= What the task requires =
In the records below, find the line that contains "Thank you for" and the line that contains "This is just". Set down exactly those lines and every line between them, and nothing more.

= Supplied information =

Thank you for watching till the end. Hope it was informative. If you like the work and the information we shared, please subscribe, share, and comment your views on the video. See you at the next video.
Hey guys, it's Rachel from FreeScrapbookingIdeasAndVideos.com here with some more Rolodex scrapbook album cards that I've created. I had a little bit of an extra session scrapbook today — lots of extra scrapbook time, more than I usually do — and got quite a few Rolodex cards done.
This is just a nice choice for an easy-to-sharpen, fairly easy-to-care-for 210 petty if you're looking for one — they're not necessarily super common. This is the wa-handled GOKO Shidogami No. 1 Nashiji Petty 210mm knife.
==
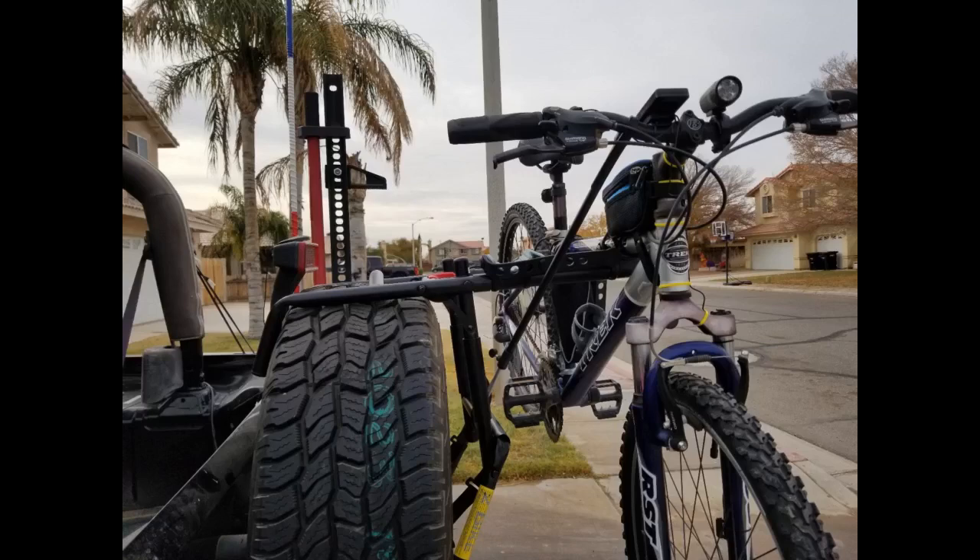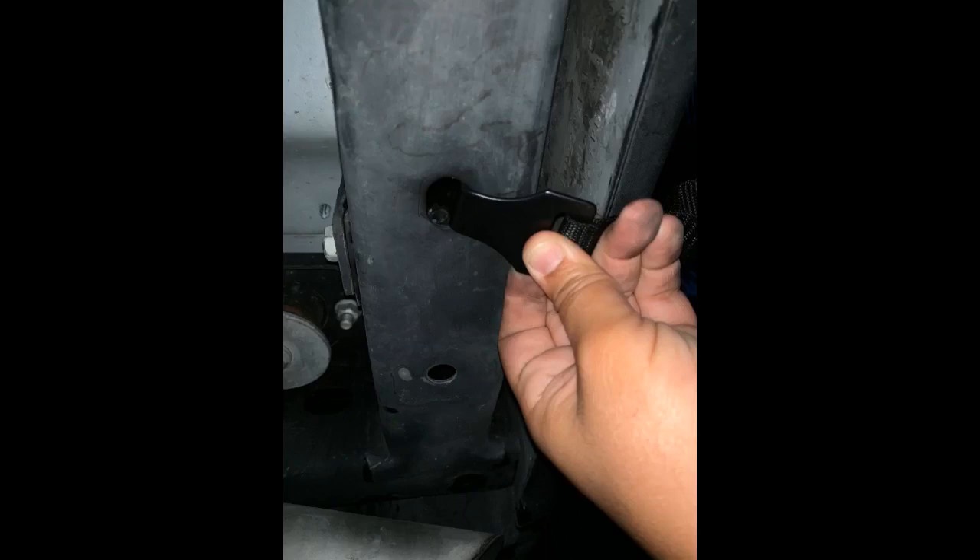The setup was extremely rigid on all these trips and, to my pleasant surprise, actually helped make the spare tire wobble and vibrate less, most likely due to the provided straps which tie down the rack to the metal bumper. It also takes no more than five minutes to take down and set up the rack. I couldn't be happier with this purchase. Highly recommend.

= Answer for this exercise =
Thank you for watching till the end. Hope it was informative. If you like the work and the information we shared, please subscribe, share, and comment your views on the video. See you at the next video.
Hey guys, it's Rachel from FreeScrapbookingIdeasAndVideos.com here with some more Rolodex scrapbook album cards that I've created. I had a little bit of an extra session scrapbook today — lots of extra scrapbook time, more than I usually do — and got quite a few Rolodex cards done.
This is just a nice choice for an easy-to-sharpen, fairly easy-to-care-for 210 petty if you're looking for one — they're not necessarily super common. This is the wa-handled GOKO Shidogami No. 1 Nashiji Petty 210mm knife.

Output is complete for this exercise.